▼親の教えたやり方で勉強しているか

 
 
“中学受験「母子指導」のエキスパート”吉本笑子

「花マル笑子塾」「お母さんの勉強室」主宰。「先行体験」を基に子供の学びを育成する独自のメソッドを提唱。数多くの有名私立中学合格者を出してきた。小学生を持つお母さんを対象にした講演会が顧問を務める七田チャイルドアカデミー主催で9月25日、東京・新宿で開催予定。

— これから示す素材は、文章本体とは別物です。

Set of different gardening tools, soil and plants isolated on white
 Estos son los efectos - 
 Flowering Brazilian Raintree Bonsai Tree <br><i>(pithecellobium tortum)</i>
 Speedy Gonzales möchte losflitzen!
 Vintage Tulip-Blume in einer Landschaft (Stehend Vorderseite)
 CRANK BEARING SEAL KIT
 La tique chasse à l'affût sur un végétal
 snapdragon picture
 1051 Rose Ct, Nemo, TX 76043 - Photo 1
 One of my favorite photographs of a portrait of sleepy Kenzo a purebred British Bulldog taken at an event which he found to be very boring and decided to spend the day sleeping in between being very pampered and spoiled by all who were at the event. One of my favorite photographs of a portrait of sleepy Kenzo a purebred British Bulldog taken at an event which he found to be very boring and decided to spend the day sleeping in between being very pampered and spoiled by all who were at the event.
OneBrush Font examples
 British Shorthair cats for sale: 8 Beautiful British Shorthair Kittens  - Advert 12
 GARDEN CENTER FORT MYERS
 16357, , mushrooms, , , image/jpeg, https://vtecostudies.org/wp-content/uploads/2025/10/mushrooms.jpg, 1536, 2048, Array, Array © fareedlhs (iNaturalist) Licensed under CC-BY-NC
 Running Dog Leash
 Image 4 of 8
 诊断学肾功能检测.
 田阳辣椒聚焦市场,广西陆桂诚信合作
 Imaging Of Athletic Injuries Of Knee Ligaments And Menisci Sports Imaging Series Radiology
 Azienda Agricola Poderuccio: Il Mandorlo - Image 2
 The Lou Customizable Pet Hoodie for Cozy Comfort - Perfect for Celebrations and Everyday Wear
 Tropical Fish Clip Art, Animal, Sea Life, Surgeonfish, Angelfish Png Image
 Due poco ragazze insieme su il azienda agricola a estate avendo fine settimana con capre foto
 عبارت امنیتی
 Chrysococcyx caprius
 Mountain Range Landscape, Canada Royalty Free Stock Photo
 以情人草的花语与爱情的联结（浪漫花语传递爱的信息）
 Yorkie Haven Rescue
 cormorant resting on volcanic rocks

田端広英=文 市来朋久=撮影 中瀬純一=スタイリング(物)
 
 

 頑張っているのに成果が上がらないとき、真っ先に見直したいのは「勉強のやり方」だ。「花マル笑子塾」「お母さんの勉強室」を主宰する中学受験のエキスパート、吉本笑子先生に、何を見直すべきか、そのポイントを解説していただいた。

Q1 親の教えたやり方で勉強しているか

「勉強の効果的なやり方は人それぞれです。親の経験や、受験対策本に書いてあることが、必ずしも正解とは限りません。大切なことは、その子に合った勉強法を身に付けているかどうかです」

 開口一番、吉本先生はこう語る。

「たとえば、漢字の覚え方にしても、いろいろなタイプの子がいます。何度も書いて覚える子もいれば、じっと眺めるだけで覚えてしまう子もいます。大切なことは、自分が何回書いたり見たりしたら覚えられるのかを知ること。それを知っていれば、『これだけやれば覚えられる』という自信にもなるのです」

 用語や年号の覚え方にも個性がある。市販の暗記教材を使っていても、なかなか覚えられない場合は、その子に合った覚え方を工夫することが必要だ。吉本先生によれば、ものごとの覚え方には二つのタイプがあるという。一つは、知識を関連づけて芋づる式に覚えるタイプ。もう一つが、知識を整理して一つひとつコンテナ式に積んでいくタイプだ。年号を覚えるのに、単独で覚えられるのは後者のタイプで、前者は、地理的な情報や横のつながりがあった方が覚えやすい。

「一般的に、前者は男の子に多く、後者は女の子に多いタイプです。どちらも一長一短があります。関連づけ型は、情報量は多いのですが、整理されないまま頭に入ってくるので、すぐには効果が表れません。一方、コンテナ式は整理して頭に入るので覚えやすいのですが、情報量が限られてしまいがちです」

 わが子はどちらのタイプなのか、まずはチェックしてみることが大事だ。